Ihrer Schoͤnheit ungeachtet sind alle diese Fabrikate sehr wohlfeil und je
nach den Details, der Zusammensezung, den Goldfarben etc. fuͤr 1 bis zu 10
Fr. zu haben.
Auch den Trauerschmuk nach Berliner Art machte Hr. Houdaille zum Gegenstande seiner Forschungen, und auch dieser Fabrication
bemeisterte er sich in so hohem Grade, daß seine Waaren gegenwaͤrtig den
Berlinern sowohl wegen ihrer groͤßeren Schoͤnheit und Eleganz, als
auch wegen ihrer Leichtigkeit und Dauerhaftigkeit vorgezogen werden. Seine Arbeiten
sind ein Eisen- oder Stahlfiligran, welches mit dem Rade, der Zange oder der
Hand verfertigt wird; die Berliner hingegen werden gegossen und sind daher schwerer
und sproͤde. Ihrer Vorzuͤge ungeachtet sind seine Arbeiten auch noch
wohlfeiler, als die Berliner; denn von den Ketten und Guͤrtelschnallen kostet
das Duzend nur 9 Fr., und die Kreuze, Ohrgehaͤnge, Steknadeln etc. sind
wirklich fuͤr unglaublich niedrigen Preis in Menge zu haben. Sein
Trauerschmuk hat auch eine schoͤnere Farbe als der preußische, und diese
Farbe veraͤndert sich so wenig, daß er zur See weit versendet werden kann,
ohne zu rosten oder Schaden zu leiden.
Nicht vergessen duͤrfen wir hier auch den Schmuk aus Schmelz (jais), besonders jenen, auf welchen Silber aufgelegt
ist, und der sehr gut aussieht. Auch diese Artikel sind, obschon sie gut gearbeitet
und dauerhaft sind,
sehr wohlfeil; denn sie werden zu 6 Fr. bis zu 48 Fr. das Duzend verkauft.

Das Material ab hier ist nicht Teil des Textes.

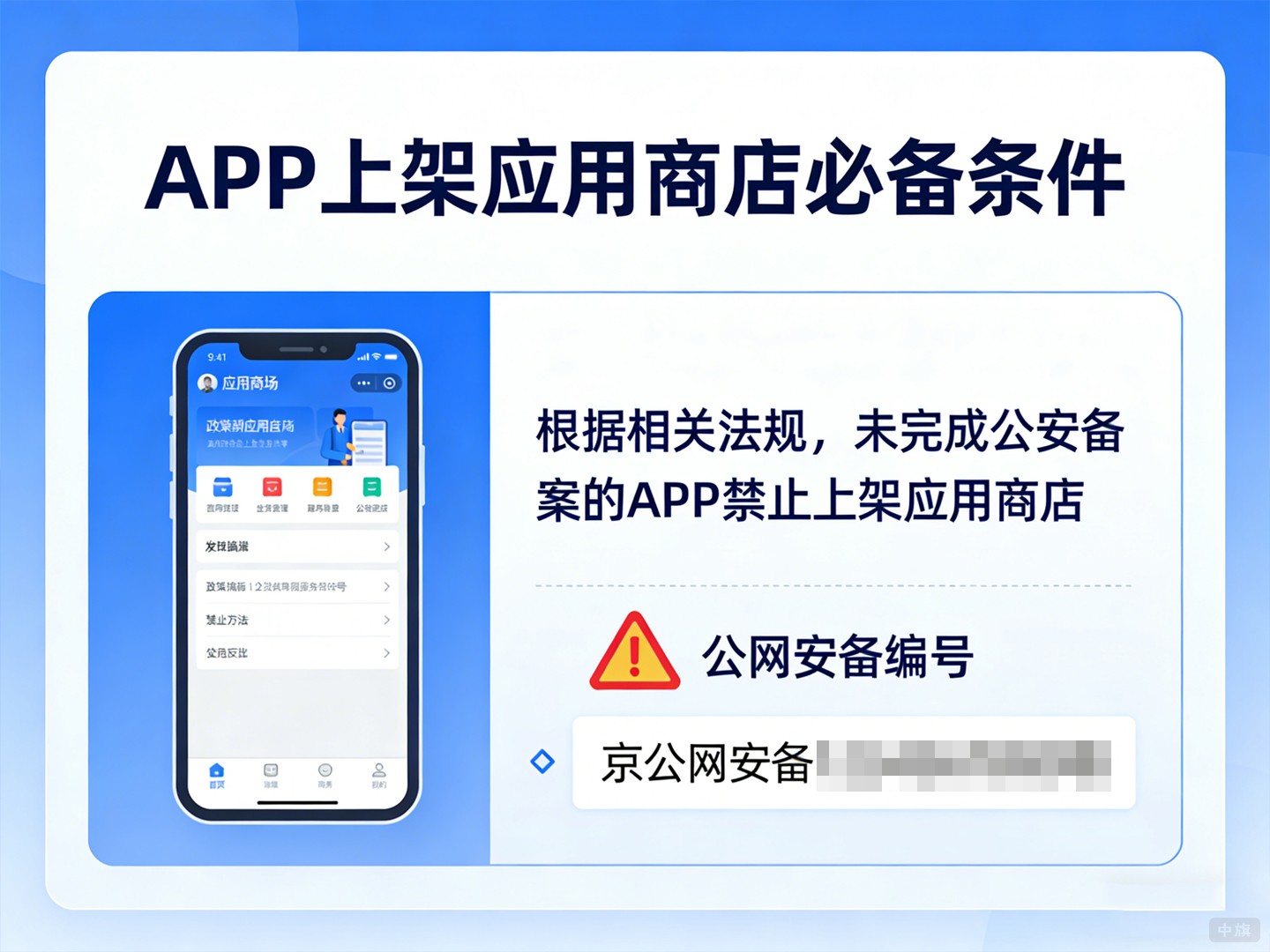 APP上架应用商店必备条件 APP上架应用商店必备条件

Hr. Houdaille hat sich demnach auch, was den Trauerschmuk
betrifft, aufs Vortheilhafteste ausgezeichnet; es war dieß um so schwieriger, als
dieser Gegenstand einer der undankbarsten ist, weil man anfangs oft nichts liefern
kann, was schwer und duͤster genug ist, waͤhrend man spaͤter
oft gezwungen wird zu den reichsten und glaͤnzendsten Compositionen
uͤberzugehen, ohne dabei gegen eine zu große Empfindsamkeit oder selbst gegen
die Empfindelei, die oft nur errathen seyn will, zu verstoßen.

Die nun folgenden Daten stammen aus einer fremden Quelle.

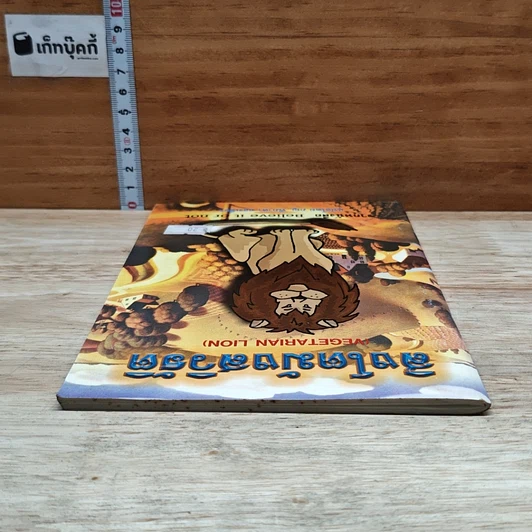 หนังสือ สิงโตมังสวิรัติ รูปที่ 5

Um jedoch wieder auf die Fabrik des Hrn. Houdaille
zuruͤkzukommen, muͤssen wir bemerken, daß uns in derselben unter
anderen von ihrem Besizer erfundenen Instrumenten besonders ein Hammer zum
Auswoͤlben oder Ausbauchen, dessen man sich mit bestem Erfolge bedient,
auffiel. Dieser Hammer macht in vielen Faͤllen die Drehebank entbehrlich, und
duͤrfte sich daher, da er eine Ersparniß an Geld und Zeit bedingt, bald in
allen Schmuk-, Gold-, Silber- und
Plaqué-Arbeiterwerkstaͤtten verbreiten.
Hr. Houdaille erhielt bei der lezten Industrieausstellung
in Paris fuͤr seine Leistungen eine Medaille zweiter Classe. Die Commission,
deren Berichterstatter ich bin, schlaͤgt vor, ihm auch die Anerkennung der
Gesellschaft durch Ertheilung einer ihrer Medaillen zu erkennen zu geben.